Su tarea cultural nos ha dejado algunos legados importantes: el fundamental, la colección Letras del Ecuador que desde la presidencia de la Casa de la Cultura Ecuatoriana “Benjamín Carrión”, núcleo del Guayas, inciara en 1976 y que, hasta hoy, acoge con generosidad tanto a escritores y escritoras con una obra ya definida cuanto a jóvenes cuyos primeros textos son prometedores; además, las colecciones Ariel Juvenil y Ariel Universal editadas bajo su supervisión. Y, si bien su obra poética es altamente representativa por su solidez en la tradición ecuatoriana, en este trabajo nos ocuparemos únicamente de su paso por el cuento.
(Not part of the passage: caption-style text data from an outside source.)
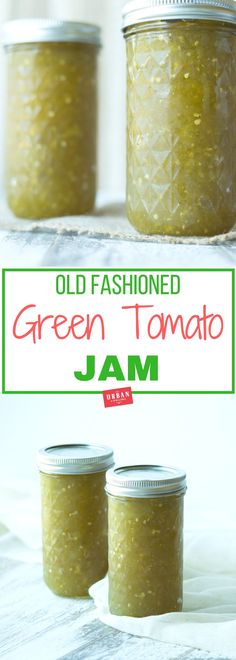 three jars filled with green tomato jam sitting on top of a white countertop next to each other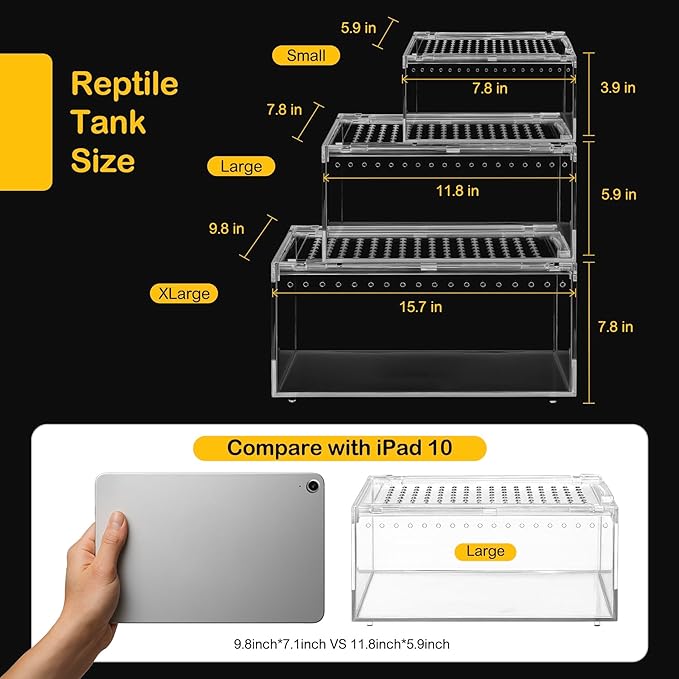 PC Small Reptile Terrarium Starter Kit,Magnetic Jumping Spider Enclosure,Hermit Crab Tank,Arboreal Tarantula Cage for Praying Mantis,Frog Vivarium,Lizard Container,Insect Housing,Gecko Habitat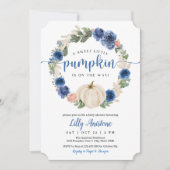 Een mooie kleine pompoen is onderweg. Baby Shower Kaart (Voorkant)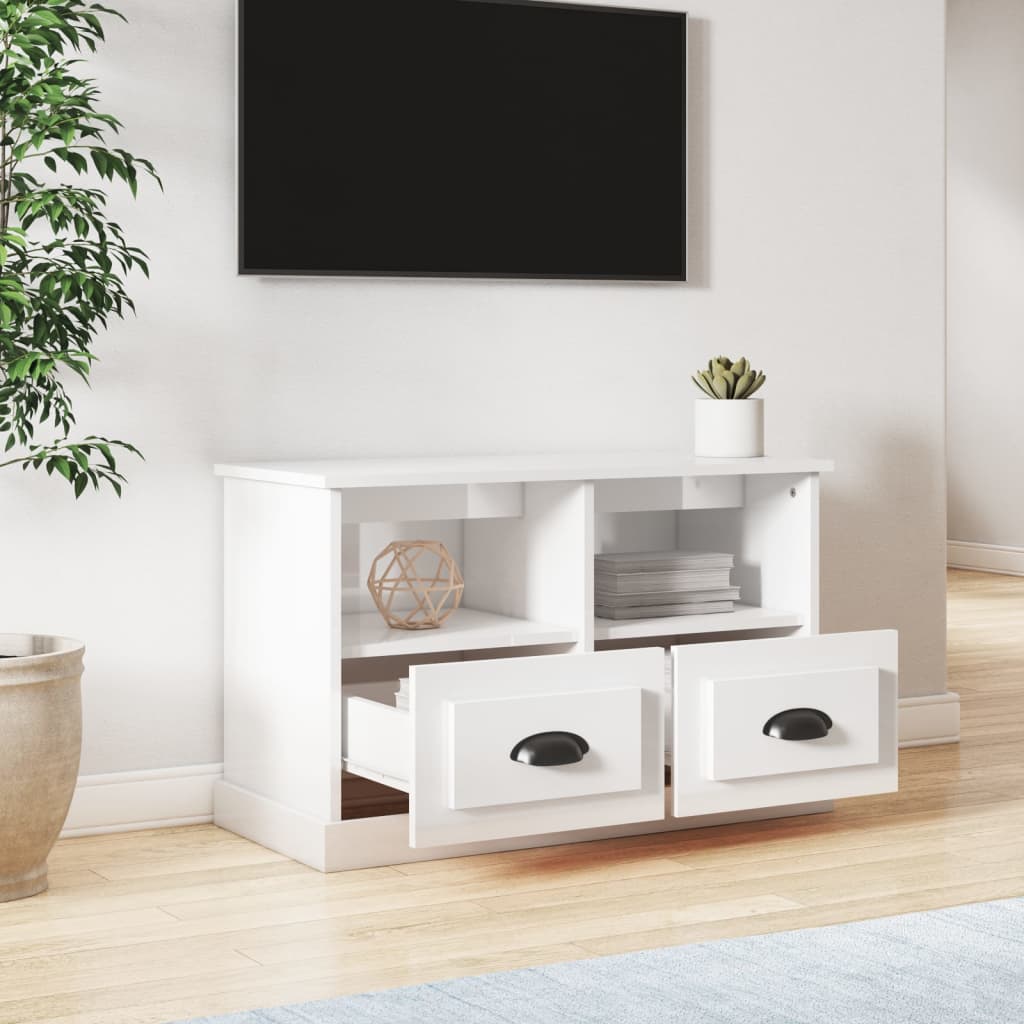 vidaXL Comodă TV, alb extralucios, 80x35x50 cm, lemn prelucrat vidaXL Comodă TV, alb extralucios, 80x35x50 cm, lemn prelucrat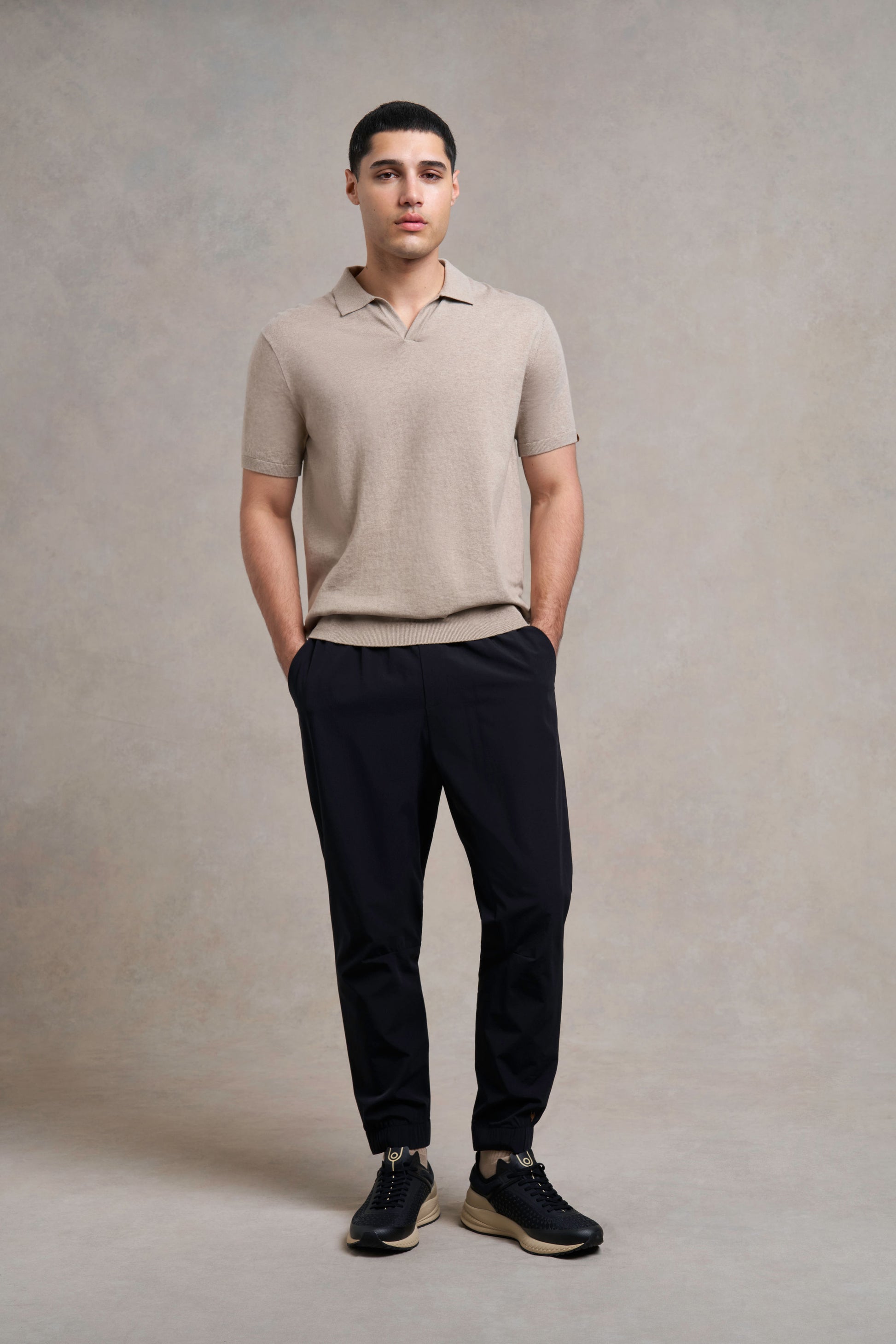 Newbold Knitted Polo | fawn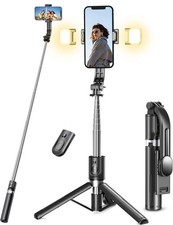 Selfie Stick Tripod with Light, 45'' Selfie Stick with Wireless Remote, Porta...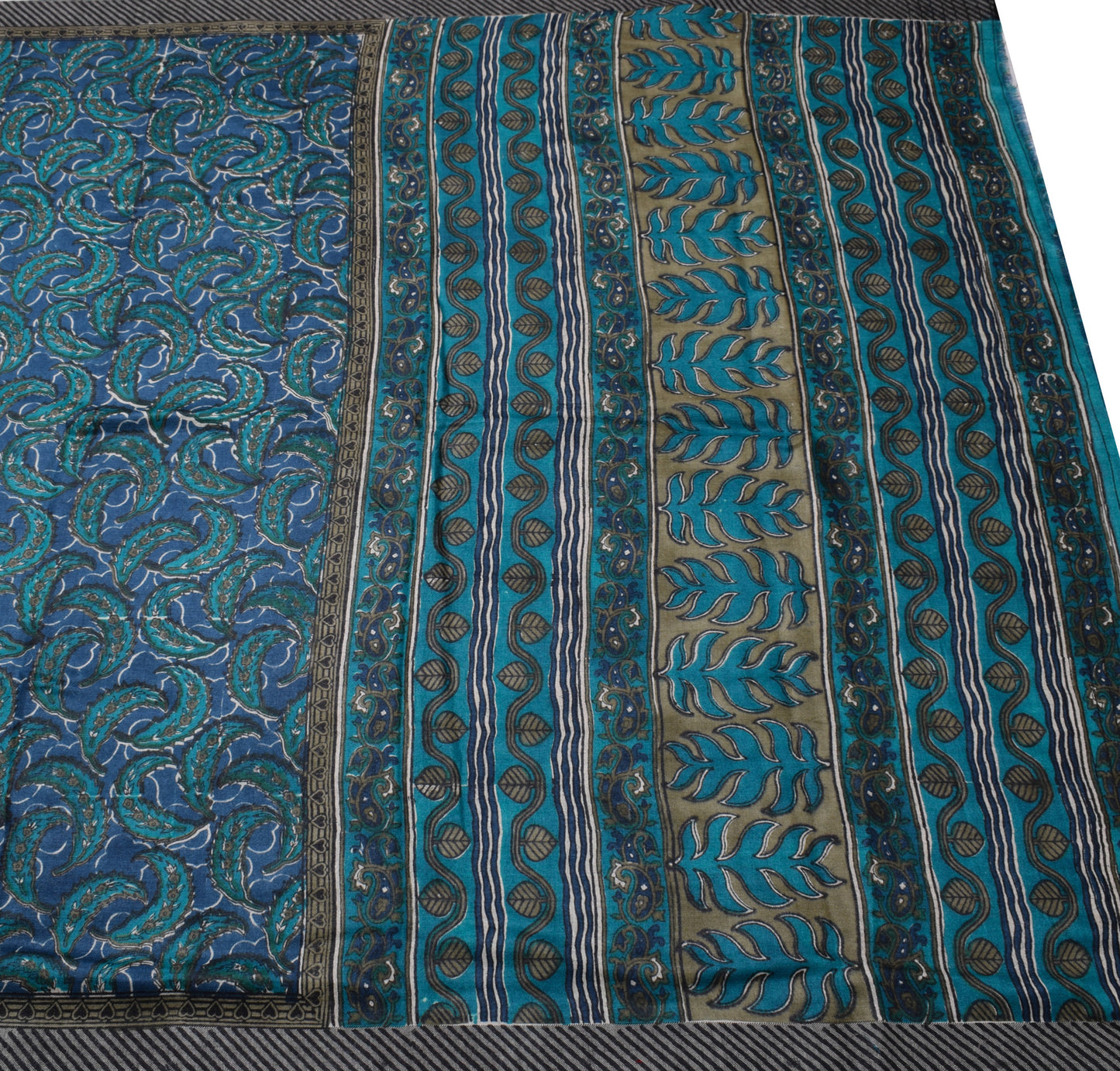 Sushila Vintage Blue Saree 100% Pure Woolen Floral Printed & Woven Sari Fabric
La narrativa corta de Rafael Díaz Ycaza va desde su carácter epigonal con respecto de los escritores realistas del 30 hasta una posterior evolución y tránsito que lo ubica en la línea narrativa del nuevo cuento.
Sus textos han transitado desde el mundo rural y sus historias bañadas de de verosimilitud realista (“Peto Canilla, caminador”) hasta llegar a nuevos mundos en los que las historias y sus personajes han ganado en profundidad sicológica y roto definitivamente sus ataduras con el realismo para navegar con mayor libertad a través de una verosimilitud diferente, fantástica a ratos (“Rosamel”), embebida de la tradición literaria en otros momentos (“Morisqueta II. Conquistas sociales”), y que ya se podía observar en textos tempranos (“Alberto Schweitzer en el cielo”, 1970, e incluso en el simbolismo esbozado en “El regreso y los sueños” y el uso de múltiples puntos de vista en “Los ángeles errantes”, ambos de 1958).
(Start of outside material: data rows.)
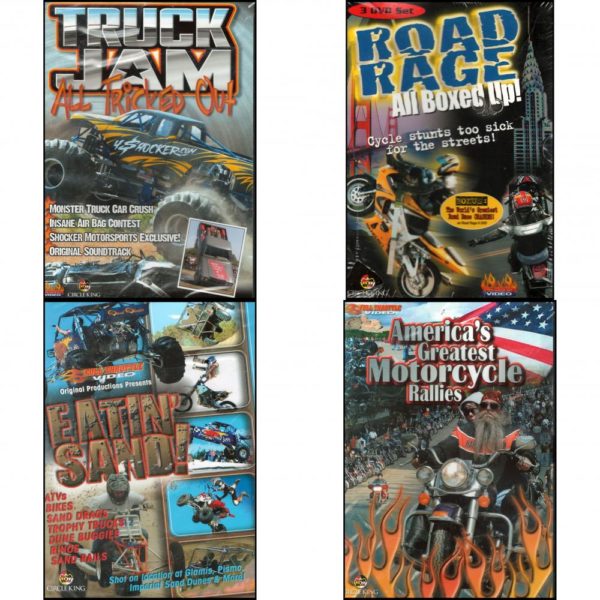 Auto, Truck & Cycle Extreme Stunts & Crashes 4 Pack Fun Gift DVD Bundle: Truck Jam: All Tricked Out, Road Rage: All Boxed Up Vols. 1-3, Eatin Sand!, Americas Greatest Motorcycle Rallies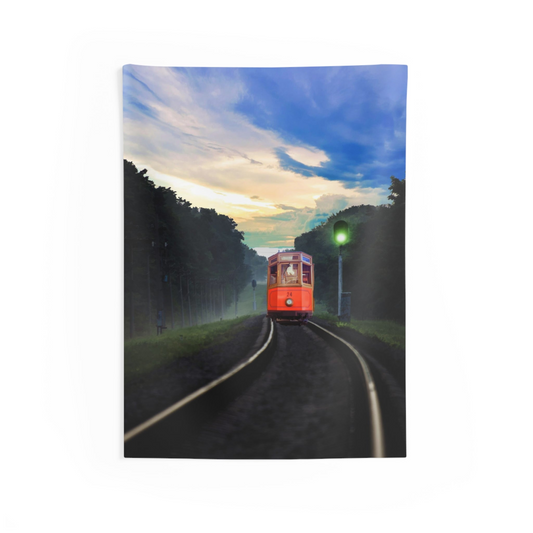 Vintage Train in Forest Tapestry - Enchanting Wall Art for Any Room - BEYRUN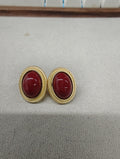 Gold Multi-Strand Oval Cabochon Necklace and Stud Earrings view 8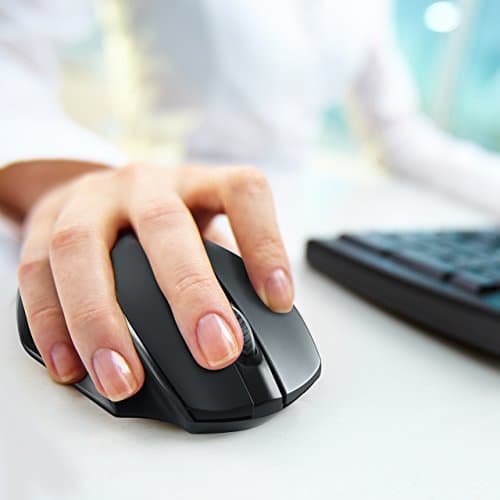VicTsing Full Size Wireless Mouse with Nano USB Receiver, 5 Adjustable Cpi Levels, 6 Buttons for Notebook, PC, Laptop, Computer, MacBook-Black image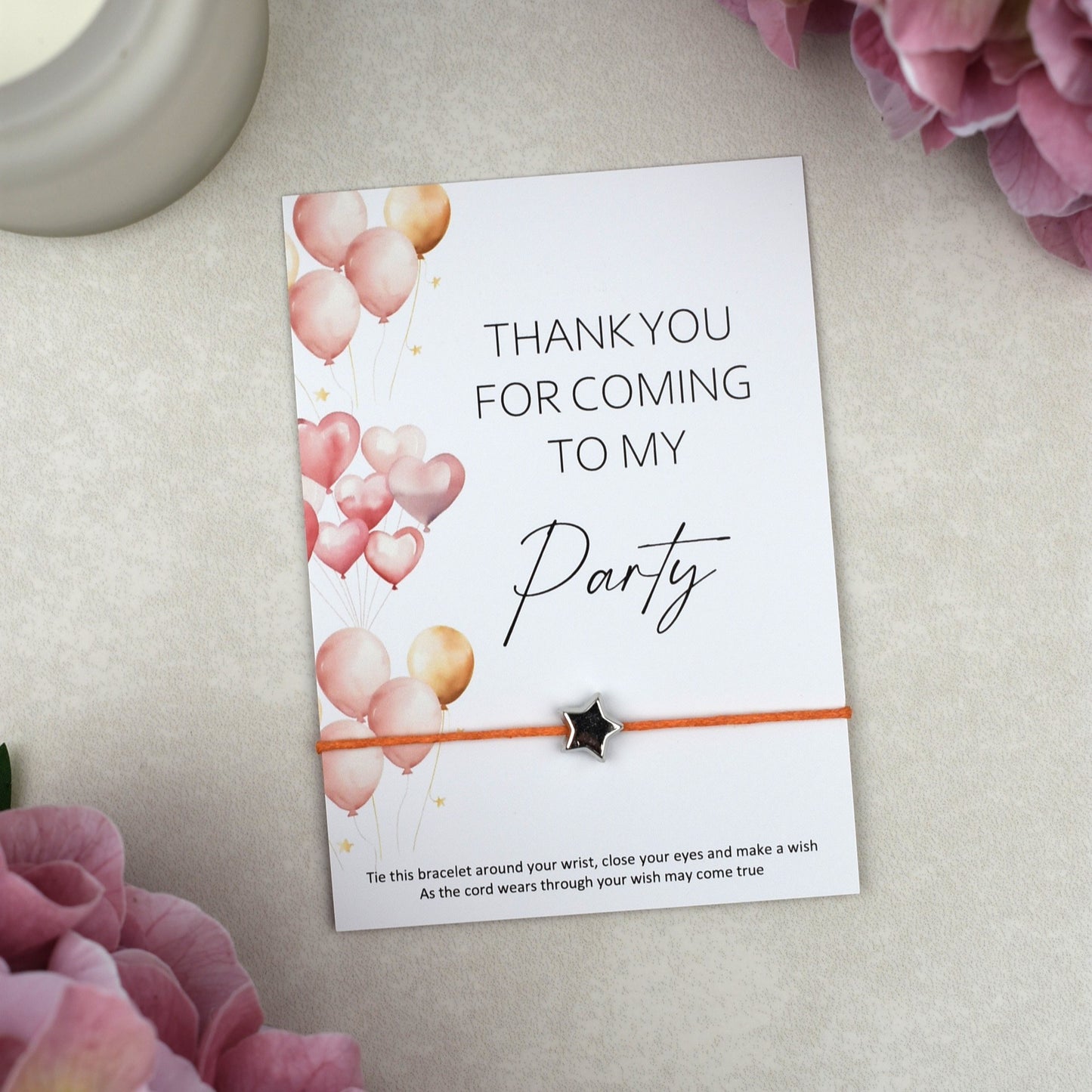 CLEARANCE - Thank You For Coming To My Party Balloon Wish Bracelet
Hasta hoy, la crítica ha leído en los textos de Díaz Ycaza solamente su honda tendencia realista y lo ha caracterizado sin más como un escritor epigonal (Rodríguez Castelo 71) negando, a veces, el indudable aporte que él realiza aún dentro de la tradición realista —y, más bien, acentuando la idea de que su narrativa es poco innovadora (Pérez 9) o que, anclada mayoritariamente en el realismo, su discurso narrativo logra una interesante modificación temática en Prometeo el joven (Ansaldo 6)— mediante la profundización en la sicología del personaje, la ampliación del mundo narrado a los espacios alucinantes de la locura y la multiplicación de sus perspectivas narrativas.
“Peto Canilla, caminador”, subtitulado ‘un cuento del litoral ecuatoriano’, de su libro Las fieras, forma parte de la tradición del realismo: un escenario rural, hechos violentos, una historia de aparecido contada desde la oralidad montuvia, y la utilización del habla montuvia en los personajes a la manera de los escritores del 30:
—Yo creo que los muchachos lo apodaron Peto Canilla porque él mismo, cuando les contaba sus andanzas de pueblo en pueblo y sus aventuras en la montaña virgen, solía decirles: “Todoy que me ven, soy bien pata ‘e perro”. En fin... ¿quién mismo sabrá la verdad? Lo cierto es que se acostumbró a vivir en Samborondón...
Si bien “El regreso y los sueños” se ubica en la tradición realista, existe en el narrador cierta voluntad expresa para borrar la línea que separa el mundo real del mundo de la ficción: “Cuando uno se dedica a escribir, llega un momento en que no puede establecer diferencias entre lo real y lo ficticio, entre su persona y la de sus creaturas”. Además, el lenguaje del protagonista Rosamel —nombre con el que Díaz Ycaza bautizará, años más tarde, el cuento que hemos seleccionado— no es un habla realista típica pues se mueve, con cierto lirismo, en el mundo onírico de la locura, lo que conlleva a que el personaje gane en hondura sicológica:
—Hoy me puse el traje de la felicidad, el de cuadros grandes, color sonrisa. Tengo varios trajes. ¿Tú también tienes, como yo, un traje color lágrima, uno de muerte y otros muchos de soledad irremisible?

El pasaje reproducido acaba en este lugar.